Jury selection in the first Twin Peaks biker trial will resume Wednesday morning after the parties spent seven hours Tuesday questioning 150 potential jurors.

Jacob Carrizal, the Bandidos Dallas chapter president, is on trial in Waco’s 54th State District Court for his alleged role in the May 2015 shootout at Twin Peaks in Waco that left nine bikers dead and dozens injured.

Judge Matt Johnson recessed the jury panel at about 5 p.m. Tuesday after District Attorney Abel Reyna and his first assistant, Michael Jarrett, and Carrizal’s attorney, Casie Gotro, spent most of the day trying to seat a jury of 12, plus two alternates.

Court officials expect opening statements from attorneys and testimony to start after the jury is seated Wednesday. Prosecutors expect to open testimony with pathologists who performed autopsies on the nine bikers, officials said.

Carrizal, 36, is charged with directing the activities of a criminal street gang and two counts of engaging in organized criminal activity.

The attorneys asked the panel what they know of the case and how much attention they have paid to media coverage. Earlier, Judge Matt Johnson had asked how many believe the media gets it right all the time. No one in the group raised a hand.

Reyna, during his portion of the voir dire examination, told the potential jurors that it was “heartwarming” for him to see that so many don’t believe everything they hear or read in the news media.

“No offense to my friends in the media,” Reyna said.

Reyna went over legal principles with the panel, including the presumption of innocence, a defendant’s right not to testify and the state’s burden of proof in criminal cases.

The judge told the panel earlier that the Legislature does not provide juries with a legal definition for beyond a reasonable doubt. But while there is no definition, Reyna told potential jurors that the state’s burden of proof is not beyond all doubt.

He illustrated his point by showing a picture of a pistol with a dozen puzzle pieces missing.

“Even though you may not have all the pieces, you know what it is,” Reyna said. “That is a good example of what reasonable doubt is.”

During a break Tuesday morning, Gotro raised concerns that the extra security measures initiated by the sheriff’s office around the courthouse and courthouse annex would make the panel members wary for their safety and prejudice them against Carrizal.

The judge said she could address the increased security measures during her voir dire examination.

During Jarrett’s portion of the voir dire, he discussed the elements of the crime and what, in general, the state has to prove to convict Carrizal.

He talked about the definition of directing a criminal street gang, what constitutes a criminal conspiracy, self-defense and the law of parties.

Gotro objected at least five times during the portion in which Jarrett was talking about criminal street gangs, arguing that is a matter the jury will decide.

One panel member defined a criminal street gang as “people who don’t work for a living,” drawing laughter from the group.

Jarrett said a criminal street gang is defined by three or more people having a common identifying sign or symbol or an identifiable leadership who regularly associate in the commission of criminal activities.
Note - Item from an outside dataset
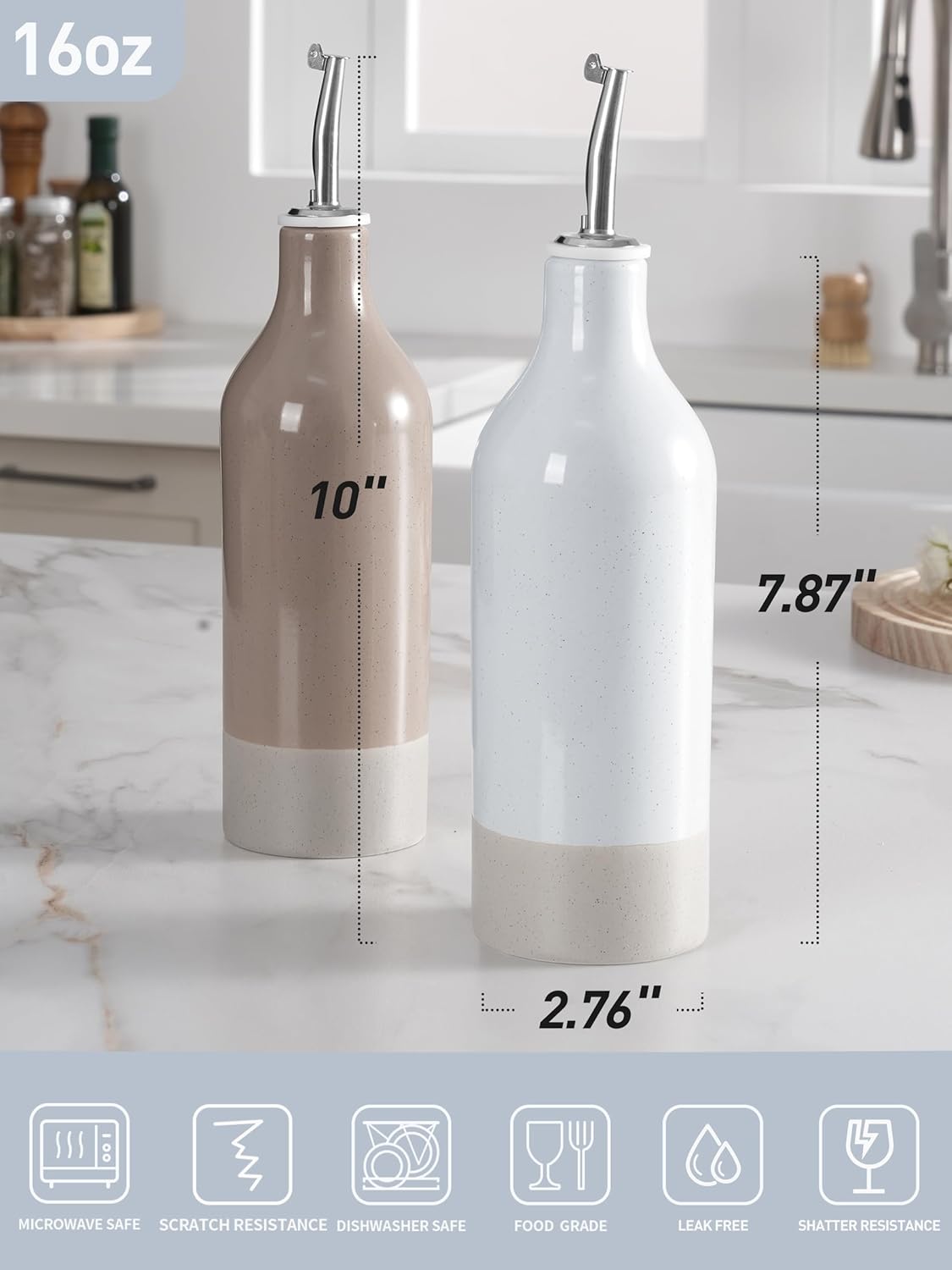 famiware Milkyway 16oz Ceramic Olive Oil Dispenser Bottle, Olive Oil and Vinegar Dispenser Bottle Set of 2 with Stainless Steel Pourers, Suitable for Storage Liquids, Light Gray and Cinnamon Brown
Jarrett went row by row asking each prospective juror to rate the most important aspect in the penalty phase of a trial: punishment for punishment’s sake, deterrence or rehabilitation.

A Catholic priest on the panel chose rehabilitation, prompting Jarrett to say he anticipated the father to choose that answer. The majority of the panel chose punishment as the most important aspect of the penalty phase.

Gotro, who started her voir dire examination about 3 p.m., asked the panel to keep open the possibility that the Bandidos are not a criminal street gang.

One man on the panel, a retired Waco police sergeant, told Gotro he would bring a strong law enforcement bias into the jury box.

Gotro brought up the increased courthouse security, including the tents and fencing around the perimeter of the courthouse, and asked panel members how they interpreted it all. One man said he thought the tents in the alley were for portable toilets, while others said it was to keep the jury, attorneys and witnesses safe.

The sheriff’s office blocked off the alley behind the courthouse and set up tents to shield the jury from view as it passes between the buildings.

Gotro asked if a criminal street gang can change, making it no longer a criminal street gang. Many on the panel said they don’t think a gang can change, while others said any group, club or business can change with a positive change of leadership.